= Assigned task =
Without the images, repeat every line of the listing exactly.

********

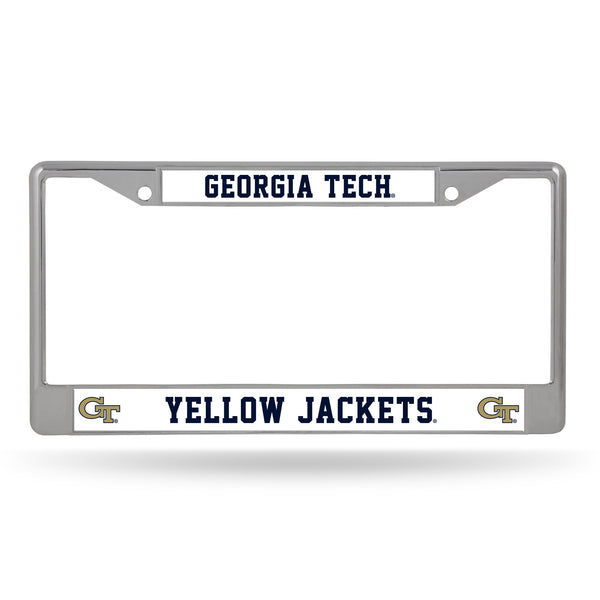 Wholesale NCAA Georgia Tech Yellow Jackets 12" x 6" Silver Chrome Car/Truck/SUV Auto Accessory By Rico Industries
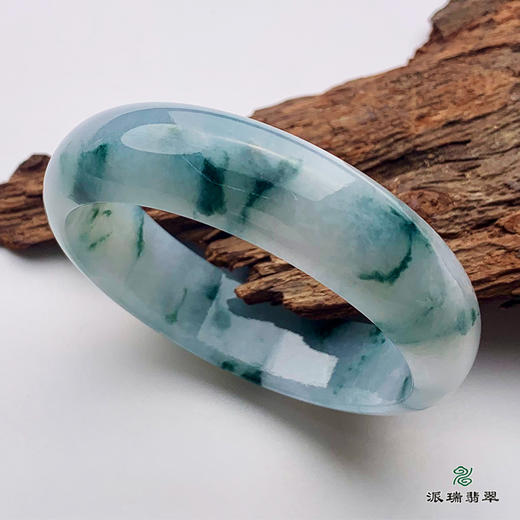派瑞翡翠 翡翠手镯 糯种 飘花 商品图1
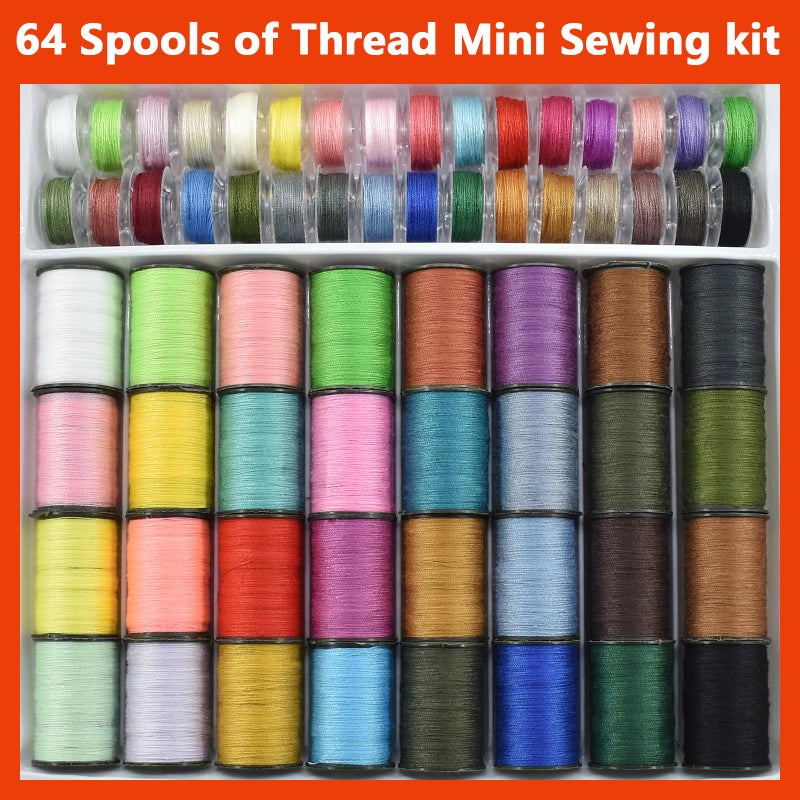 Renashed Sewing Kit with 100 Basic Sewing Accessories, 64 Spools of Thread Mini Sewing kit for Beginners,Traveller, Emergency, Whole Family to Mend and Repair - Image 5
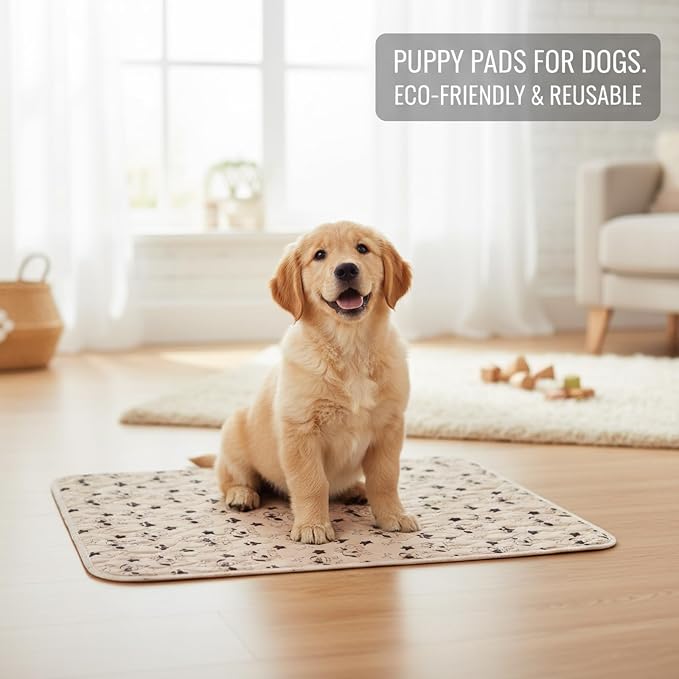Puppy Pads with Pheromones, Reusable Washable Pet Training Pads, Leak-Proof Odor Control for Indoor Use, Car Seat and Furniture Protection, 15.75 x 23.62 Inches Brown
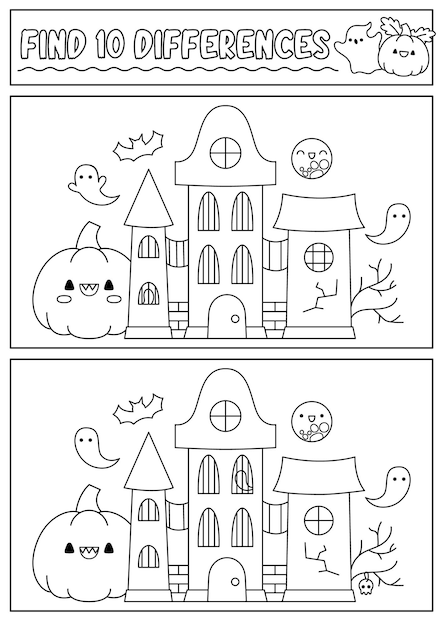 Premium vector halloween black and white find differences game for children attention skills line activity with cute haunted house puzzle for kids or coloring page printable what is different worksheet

********

= Solution to the exercise =
 Wholesale NCAA Georgia Tech Yellow Jackets 12" x 6" Silver Chrome Car/Truck/SUV Auto Accessory By Rico Industries
派瑞翡翠 翡翠手镯 糯种 飘花 商品图1
 Renashed Sewing Kit with 100 Basic Sewing Accessories, 64 Spools of Thread Mini Sewing kit for Beginners,Traveller, Emergency, Whole Family to Mend and Repair - Image 5
Puppy Pads with Pheromones, Reusable Washable Pet Training Pads, Leak-Proof Odor Control for Indoor Use, Car Seat and Furniture Protection, 15.75 x 23.62 Inches Brown
 Premium vector halloween black and white find differences game for children attention skills line activity with cute haunted house puzzle for kids or coloring page printable what is different worksheet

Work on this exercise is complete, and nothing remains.